Sunday, July 25, 2010


Risk Adjusted Discount Rate

For a long time, economic theorists have assumed that, to allow for risk, the businessman required a premium over and above an alternative, which was risk-free. Accordingly, the more uncertain the returns in the future, the grater the risk and grater the premium required. Based on this reasoning, it is proposed that the risk premium be incorporated into the capital budgeting analysis through the discount rate. That is, if the time preference for money is to be recognized by discounting estimated future cash flows, at some risk free rate, to their present value, then, to allow for the riskiness, of those future cash flows a risk premium rate may be added to risk-free discount rate. Such a composite discount rate, called the risk-adjusted discount rate, will allow for both time preference and risk preference and will be a sum of the risk-free rate and risk-premium rate reflecting the investors’ attitude towards risk. The risk-adjusted discount rate method can be formally expressed as follows:

Risk-adjusted discount rate = Risk free rate + Risk premium

Under capital asset pricing model, the risk premium is the difference between the market rate of return and the risk free rate multiplied by the beta of the project.

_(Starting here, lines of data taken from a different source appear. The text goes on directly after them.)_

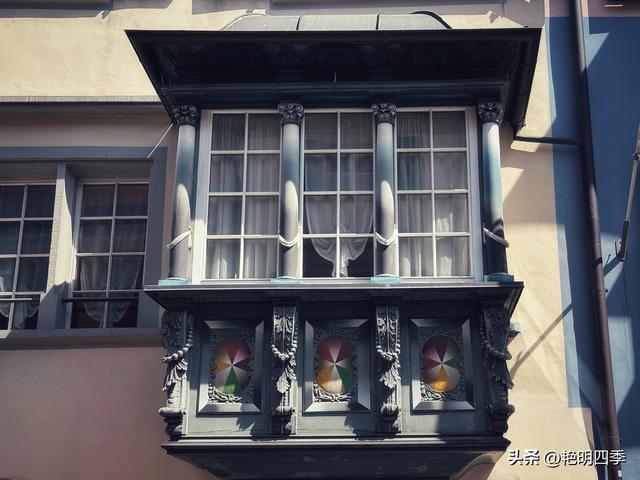 欧游杂记（6）‖ 遇见一个宁静与狂欢同在的苏黎世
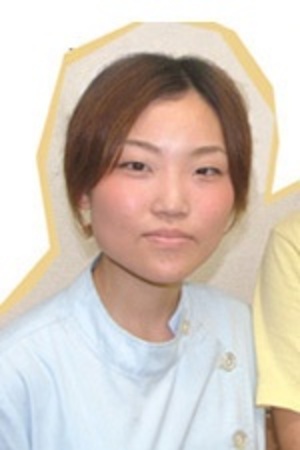 福島　沙也果さん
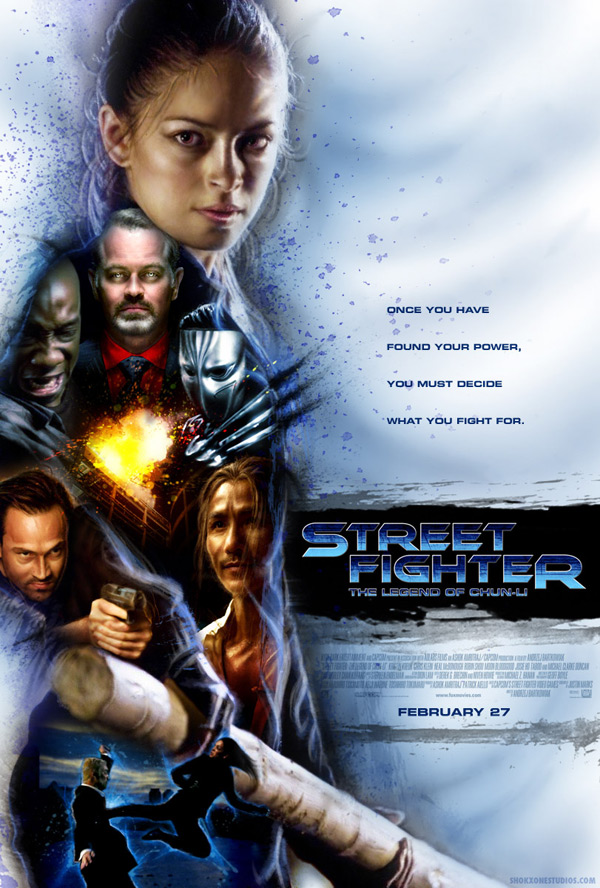 Street Fighter: The Legend of Chun-Li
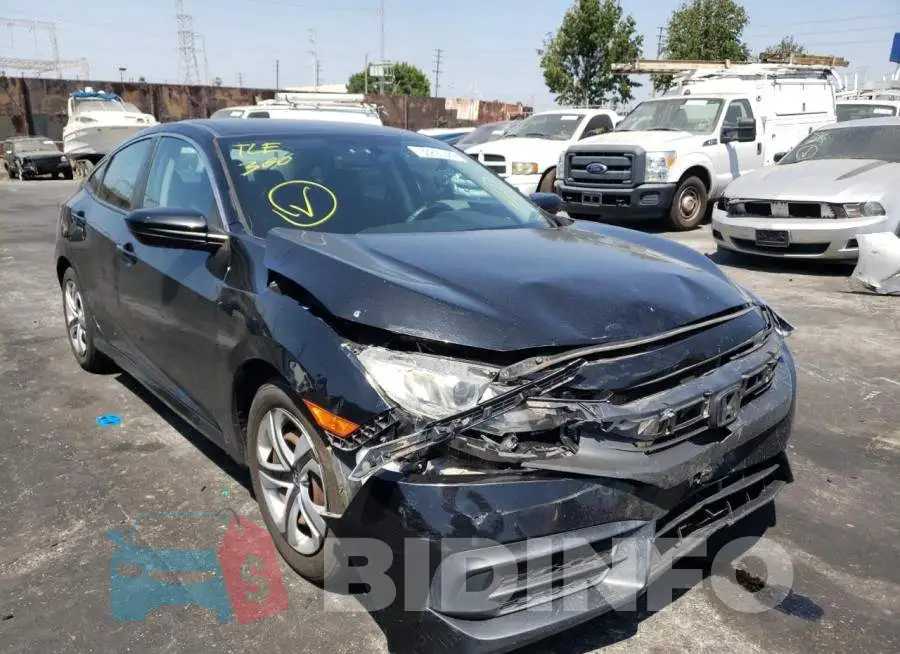 19XFC2F51GE017195 Photo# 1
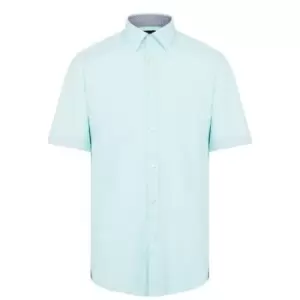 Image of Boss Luka Shirt - Green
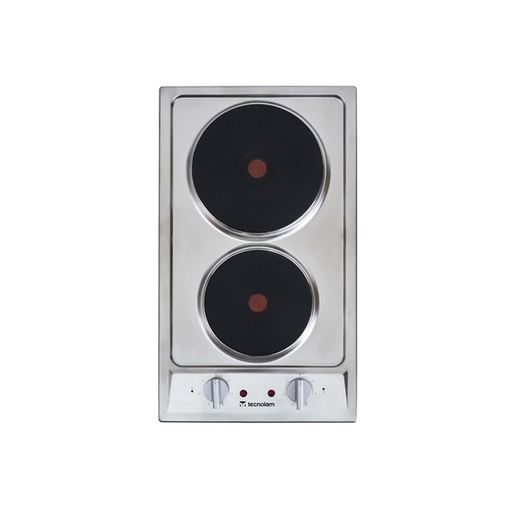 [EH302]  PARRILLA 2 PLATOS ELÉCTRICOS, TECNOLAM 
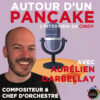 La composition, les doutes et la vie, avec Aurélien Darbellay, compositeur et chef d'orchestre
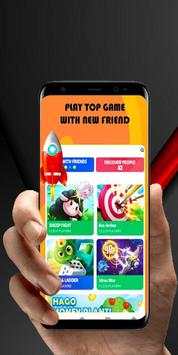 Tips for HAGO - Play With New Friends, Voice Chat screenshot 1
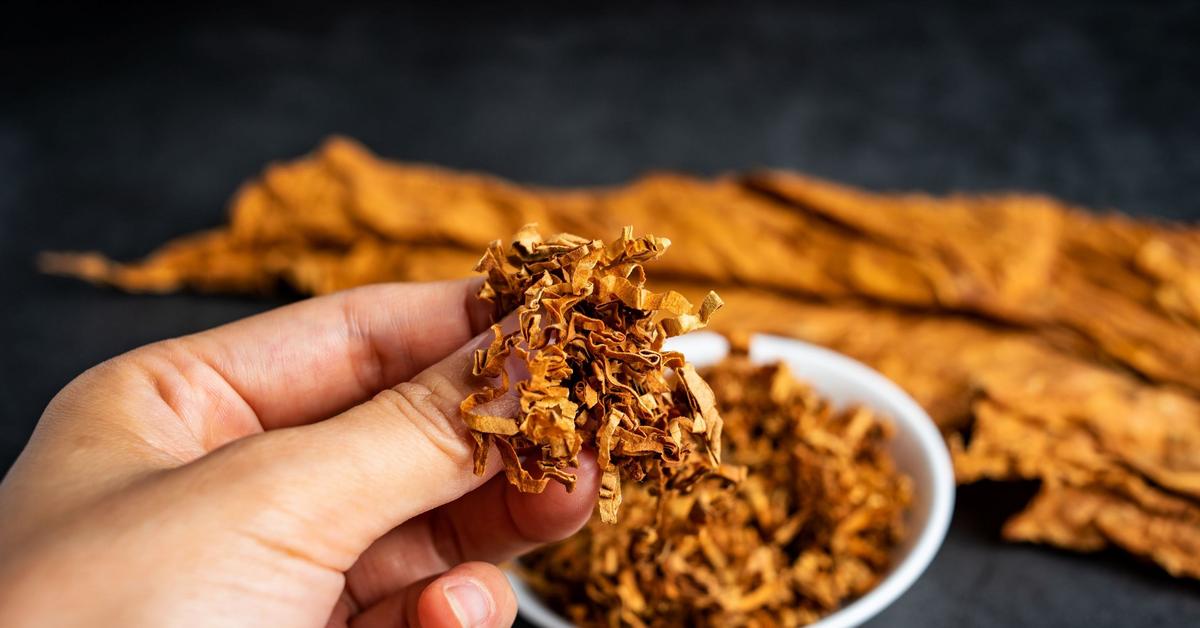 Looking for an alternative to cigarettes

The risk adjusted discount rate accounts for risk by varying the discount rate depending on the degree of risk of investment projects. A higher rate will be used for riskier projects and a lower rate for less risky projects. The net present value will decrease with increasing risk adjusted rate, indicating that the riskier a project is perceived, the less likely it will be accepted. If the risk free rate is assumed to be 10%, some rate would be added to it, say 5%, as compensation for the risk of the investment, and the composite 15% rate would be used to discount the cash flows.

Advantages of risk adjusted discount rate
  • It is simple and can be easily understood.
  • It has a great deal of intuitive appeal for risk-averse businessman.
  • It incorporates an attitude towards uncertainty.


This approach, however, suffers from the following limitations:

  • There is no easy way deriving a risk adjusted discount rate. Capital asset pricing model provides a basis of calculating the risk adjusted discount rate. Its use has yet to pick up in practice.
  • It does not make any risk adjusted in the numerator for the cash flows that are forecast over the future years.
  • It is based on the assumption that investor are risk-averse. Through it is generally true, there exists a category of risk seekers who do not demand premium for assuming risks; they are willing to pay premium to take risks. Accordingly, the composite discount rate would be reduced, not increased, as the level of risk increases.